◆ Exercise input:
-----
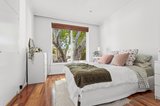 https://images.listonce.com.au/custom/160x/listings/451-ruskin-street-elwood-vic-3184/550/01836550_img_01.jpg?Qub_ay0oLlA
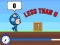 Spel Math Runner på nätet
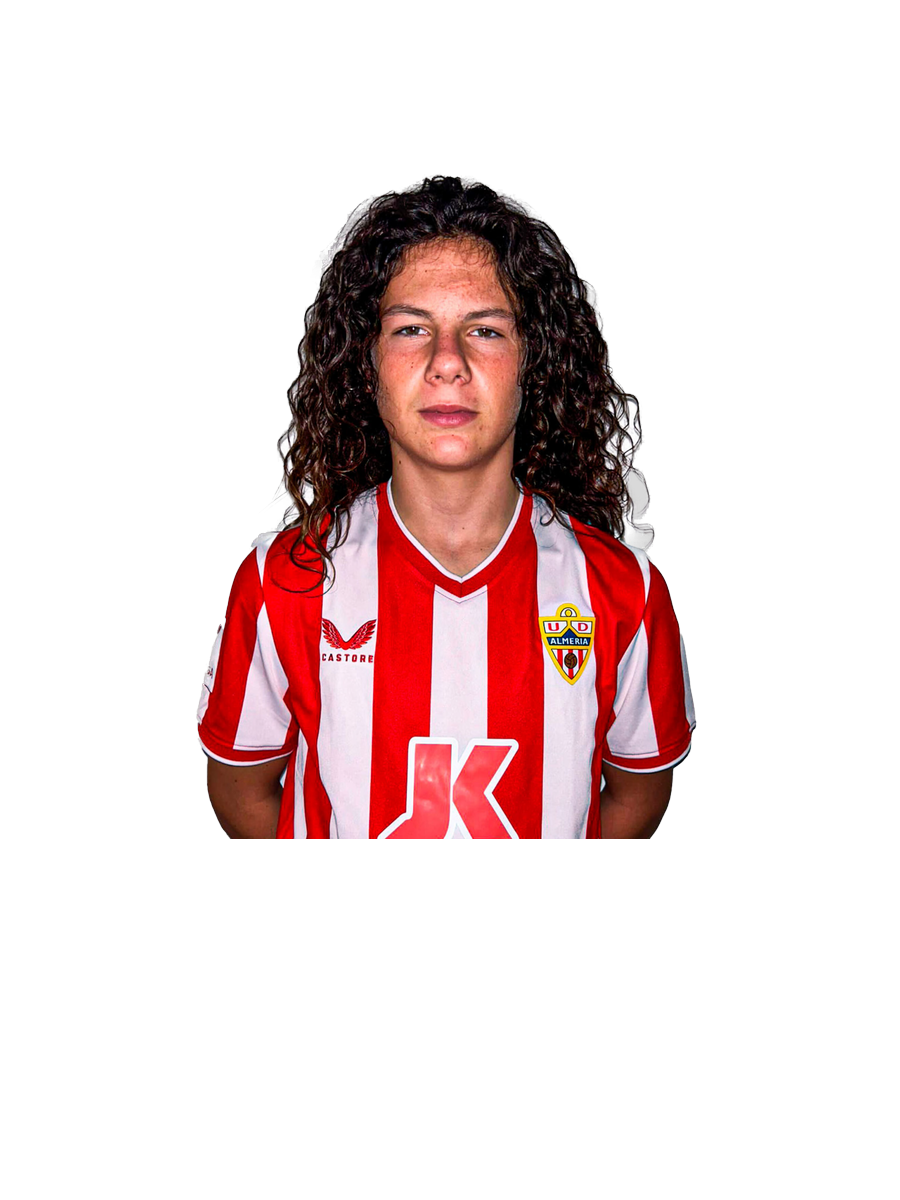 Nacho Zapata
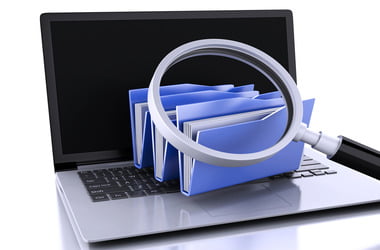 How to fix ‘A component of the operating system has expired’ error?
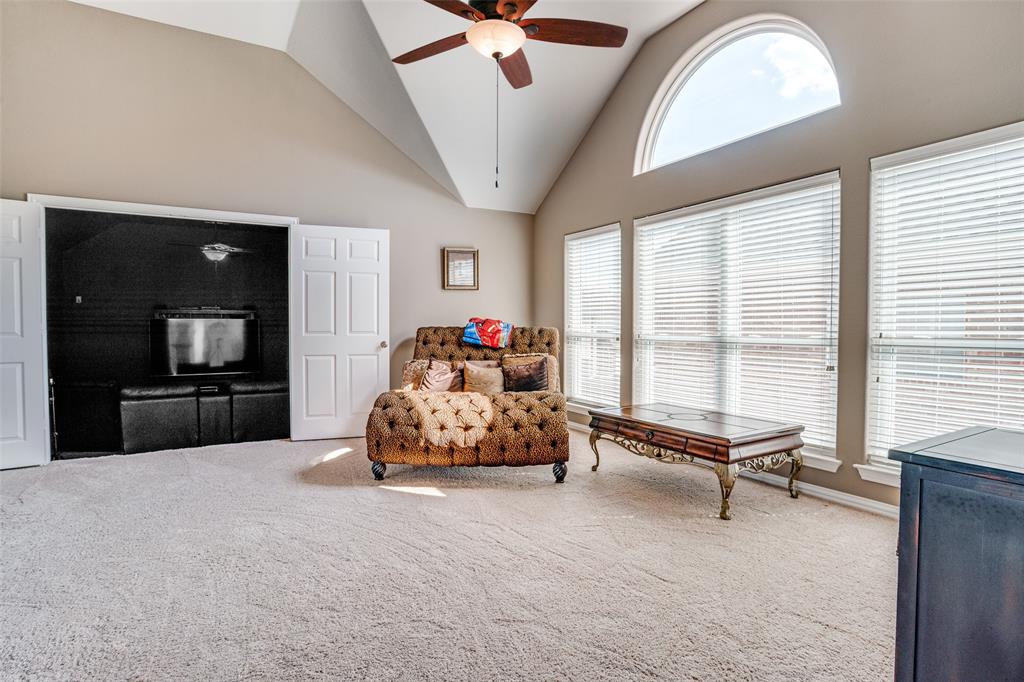 Waterford Crossing Ph I - Residential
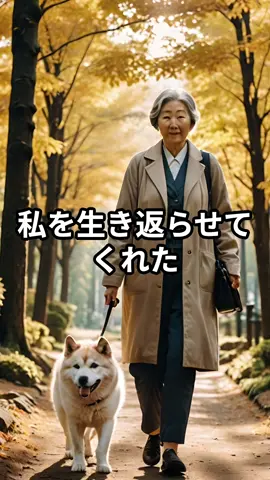 秋田犬を馬鹿にする嫁…防災訓練で突きつけられた現実。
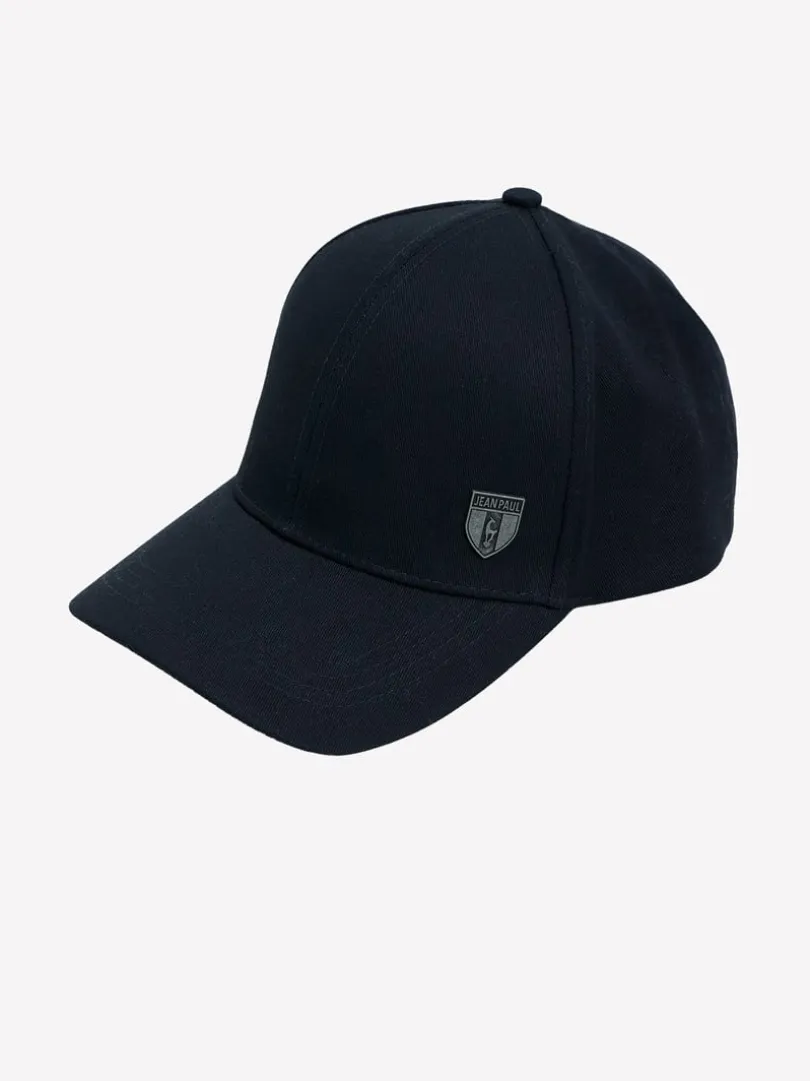 Platini cap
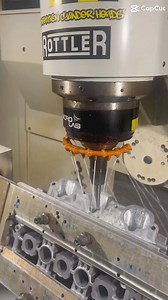 C30A NSX cylinder head. -cnc porting -cnc valve seat reprofile #nastyportflow #cylinderheadshop #cncporting #honda #hondansx #nsx #c30a | NASTY PORT FLOW | Facebook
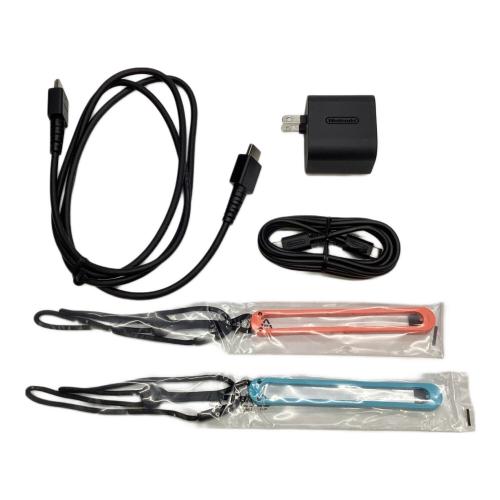 Nintendo Switch2 BEE-001 日本語・国内専用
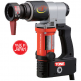súng siết bulong GSR-212E bằng điện TONE-JAPAN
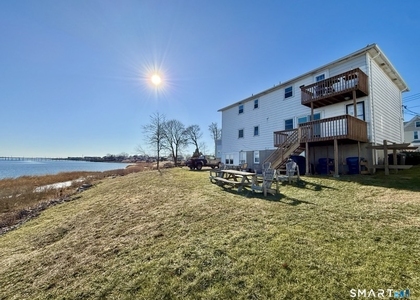 3 Bayview Place - Photo 1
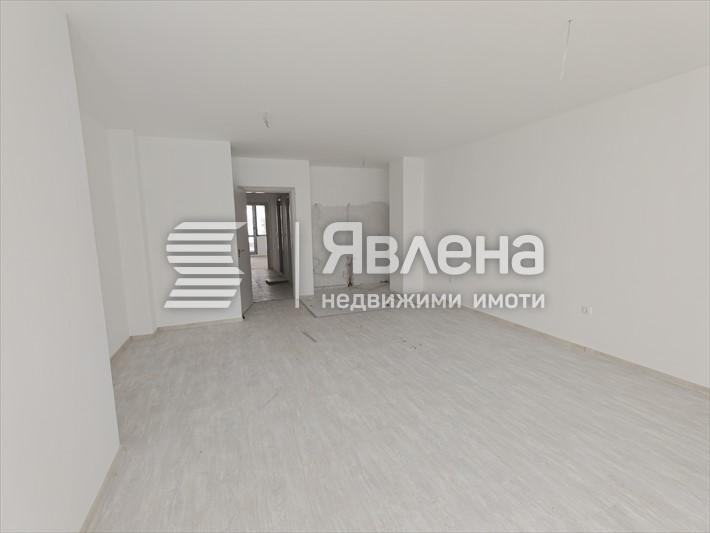 дневна 2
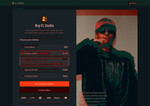 Check dated 2026-06-12T16:30:09.000Z thumbnail image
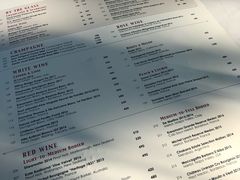 -太平山餐厅(山顶道店)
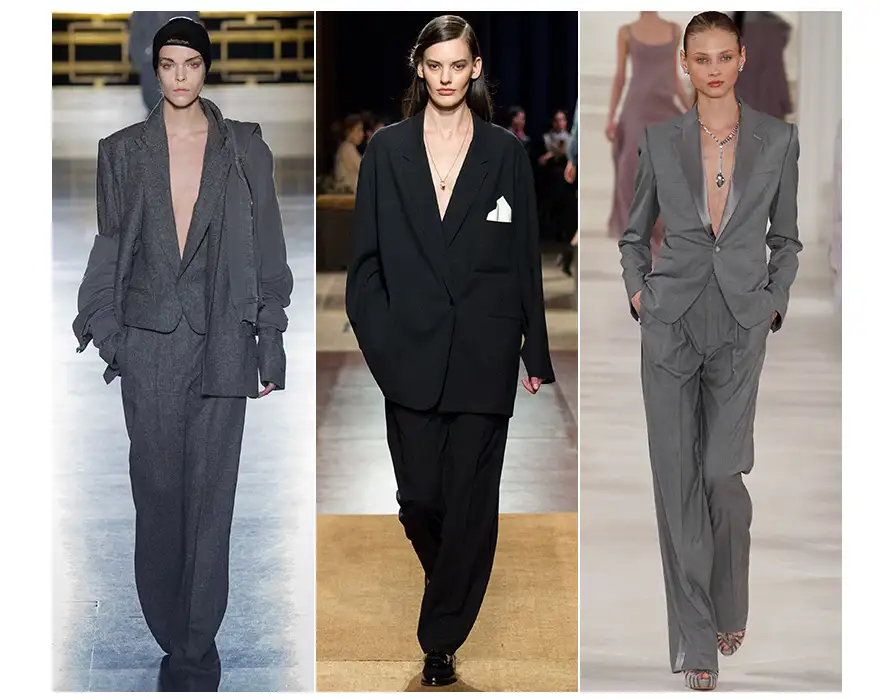 costumehommes_589059339_north_883x.webp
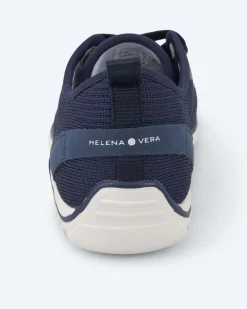 Clearance Barfuß-Sneaker Schuhe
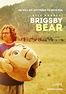 Review: Brigbsy Bear – The Reel Bits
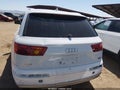Photo 16 of 16 — 2017 Audi Q7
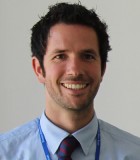 Chris Bonnet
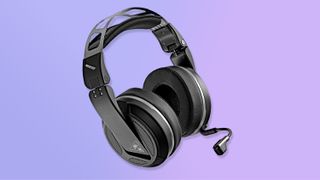 Turtle Beach Elite Atlas Aero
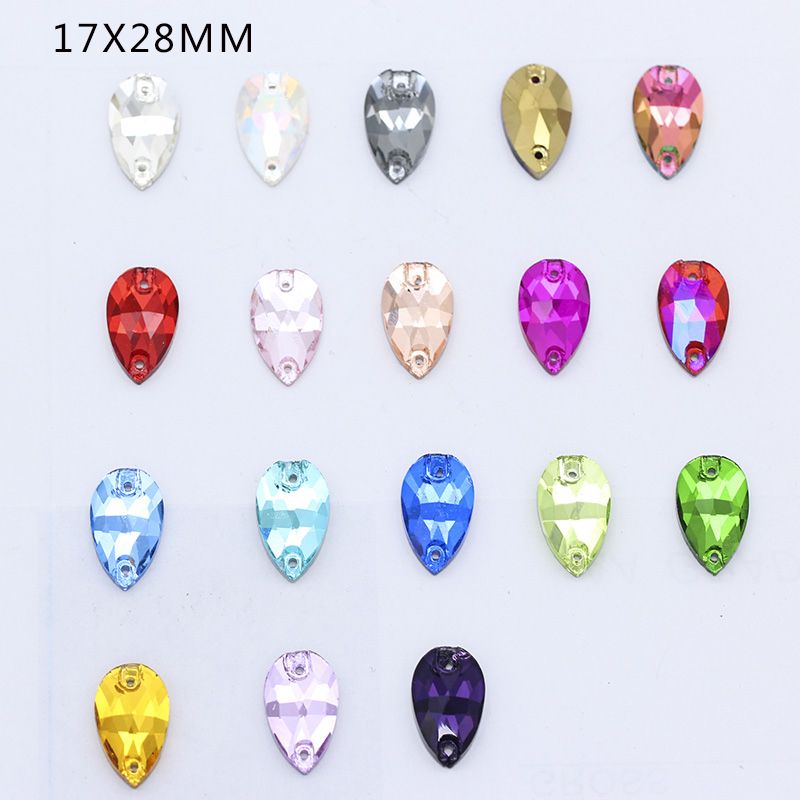 wholesale jewels for crafts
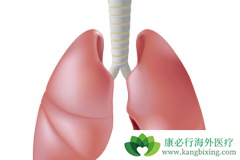 ������������ramucirumab���ӳ��ΰ��۰����ߵ�������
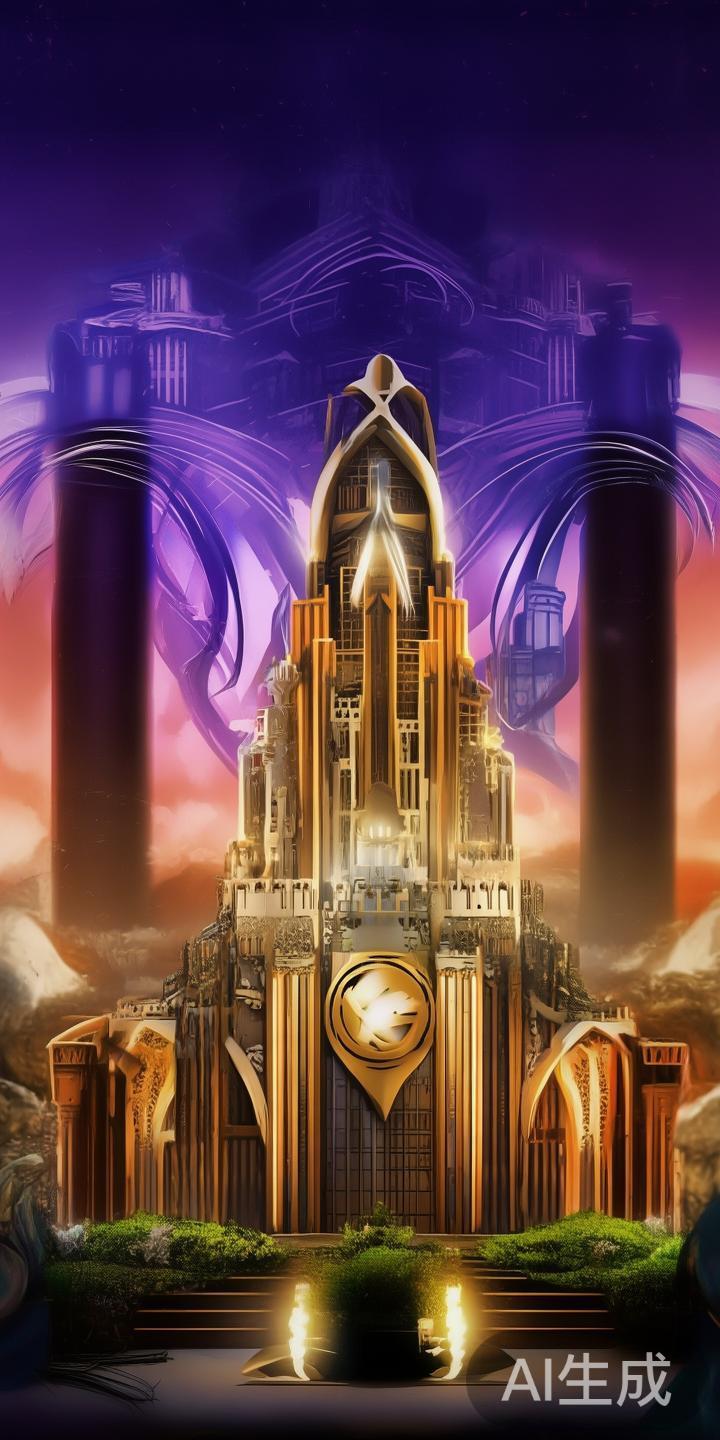 澳门微尼斯人官方网站最新版下载:开启尊享威尼斯娱乐的全新体验 安全是线上娱乐的重要保障。新版的澳门微尼斯人官方网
-----
◆ Instructions to follow: Retype the listing exactly and drop the pictures.

◆ Reply to the task:
 https://images.listonce.com.au/custom/160x/listings/451-ruskin-street-elwood-vic-3184/550/01836550_img_01.jpg?Qub_ay0oLlA
 Spel Math Runner på nätet
 Nacho Zapata
 How to fix ‘A component of the operating system has expired’ error?
 Waterford Crossing Ph I - Residential
 秋田犬を馬鹿にする嫁…防災訓練で突きつけられた現実。
 Platini cap
 C30A NSX cylinder head. -cnc porting -cnc valve seat reprofile #nastyportflow #cylinderheadshop #cncporting #honda #hondansx #nsx #c30a | NASTY PORT FLOW | Facebook
 Nintendo Switch2 BEE-001 日本語・国内専用
súng siết bulong GSR-212E bằng điện TONE-JAPAN
 3 Bayview Place - Photo 1
 дневна 2
 Check dated 2026-06-12T16:30:09.000Z thumbnail image
 -太平山餐厅(山顶道店)
 costumehommes_589059339_north_883x.webp
 Clearance Barfuß-Sneaker Schuhe
 Review: Brigbsy Bear – The Reel Bits
Photo 16 of 16 — 2017 Audi Q7
 Chris Bonnet
 Turtle Beach Elite Atlas Aero
 wholesale jewels for crafts
 ������������ramucirumab���ӳ��ΰ��۰����ߵ�������
 澳门微尼斯人官方网站最新版下载:开启尊享威尼斯娱乐的全新体验 安全是线上娱乐的重要保障。新版的澳门微尼斯人官方网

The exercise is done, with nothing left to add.